⚠️ Deprecated ⚠️

This feature is deprecated and will be removed in the future.

It is not recommended for use.

  • Import from "@langchain/community/document_loaders/web/github" instead. This entrypoint will be removed in 0.3.0.

A class that extends the BaseDocumentLoader and implements the GithubRepoLoaderParams interface. It represents a document loader for loading files from a GitHub repository.

Hierarchy (view full)

Implements

Constructors

Properties

apiUrl: string

The API endpoint URL of the GitHub instance. To be used when you are not targeting github.com, e.g. a GitHub Enterprise instance.

baseUrl: string

The base URL of the GitHub instance. To be used when you are not targeting github.com, e.g. a GitHub Enterprise instance.

branch: string
ignoreFiles: (string | RegExp)[]
processSubmodules: boolean

Set to true to recursively process submodules. Is only effective, when recursive=true.

recursive: boolean
accessToken?: string
ignore?: Ignore
ignorePaths?: string[]
maxConcurrency?: number

The maximum number of concurrent calls that can be made. Defaults to 2.

maxRetries?: number

The maximum number of retries that can be made for a single call, with an exponential backoff between each attempt. Defaults to 2.

verbose?: boolean
caller: AsyncCaller

Methods

  • Fetches the files from the GitHub repository and creates Document instances for each file. It also handles error handling based on the unknown handling option.

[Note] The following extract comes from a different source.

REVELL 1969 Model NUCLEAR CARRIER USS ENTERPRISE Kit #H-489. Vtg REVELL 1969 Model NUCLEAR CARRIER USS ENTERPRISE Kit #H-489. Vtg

    Returns Promise<Document[]>

    A promise that resolves to an array of Document instances.

  • Asynchronously streams documents from the entire GitHub repository. It is suitable for situations where processing large repositories in a memory-efficient manner is required.

    Returns AsyncGenerator<Document, void, undefined>

    Yields

    Yields a Promise that resolves to a Document object for each file or submodule content found in the repository.

  • Determines whether a file or directory should be ignored based on its path and type.

    Parameters

    • path: string

      The path of the file or directory.

    • fileType: string

      The type of the file or directory.

    Returns boolean

    A boolean indicating whether the file or directory should be ignored.